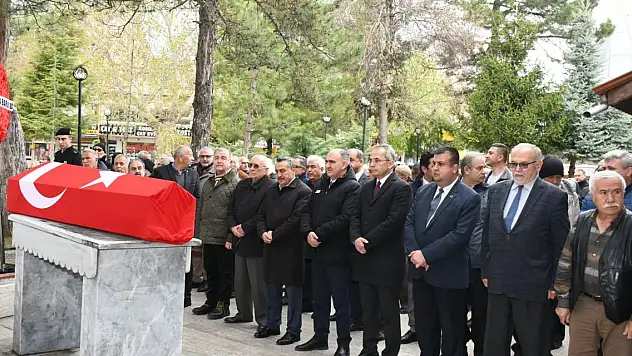 Emekli Vali Bahaeddin Güney memleketi Seydişehir'de son yolculuğuna uğurlandı
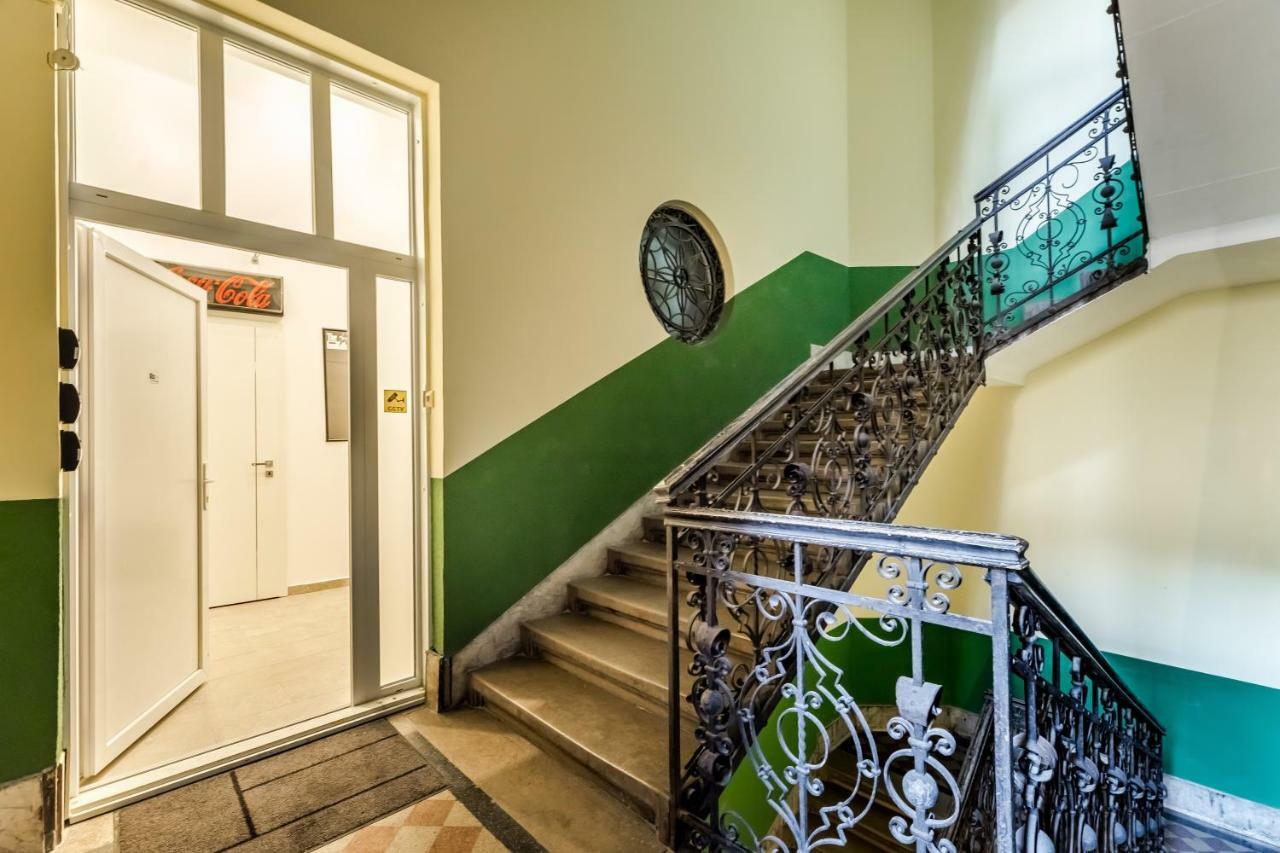 Hello Downtown - Movie Apartament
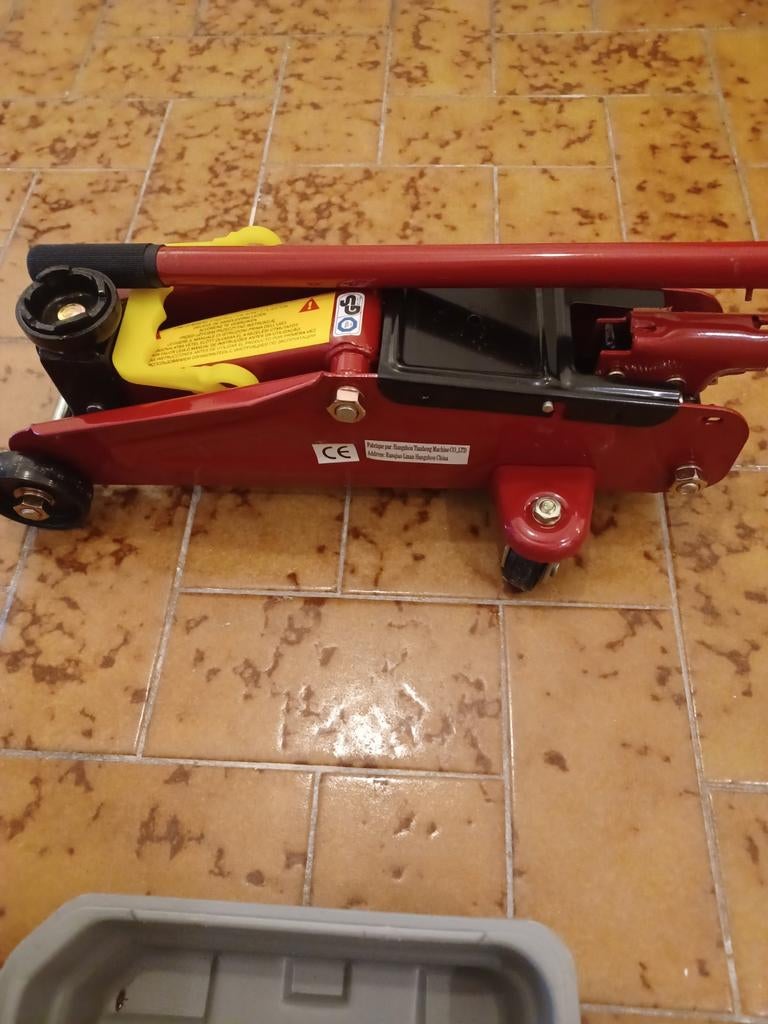 A vendre Crick voiture, neuf jamais utilisé,, Enlèvement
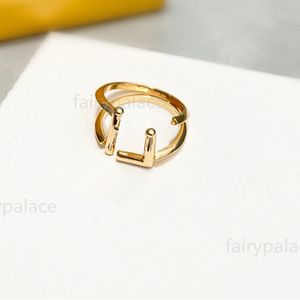 Großhandel Männer Frauen Paar Design Ringe Edelstahl Brief Ring Liebhaber Geschenk Schleife Party Schmuck Top Qualität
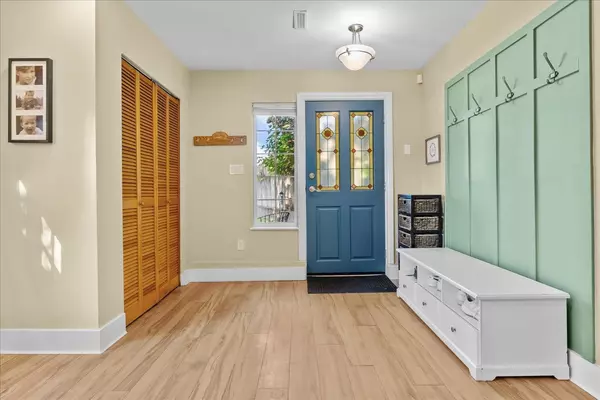 8226 Cade Barr ST Mission, BC V2V 3Z5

□ □ □ □ □

- **Assignment**:
Start to finish, write out the data above exactly, omitting all pictures.

- **Answer section**:
 Emekli Vali Bahaeddin Güney memleketi Seydişehir'de son yolculuğuna uğurlandı
 Hello Downtown - Movie Apartament
 A vendre Crick voiture, neuf jamais utilisé,, Enlèvement
 Großhandel Männer Frauen Paar Design Ringe Edelstahl Brief Ring Liebhaber Geschenk Schleife Party Schmuck Top Qualität
 8226 Cade Barr ST Mission, BC V2V 3Z5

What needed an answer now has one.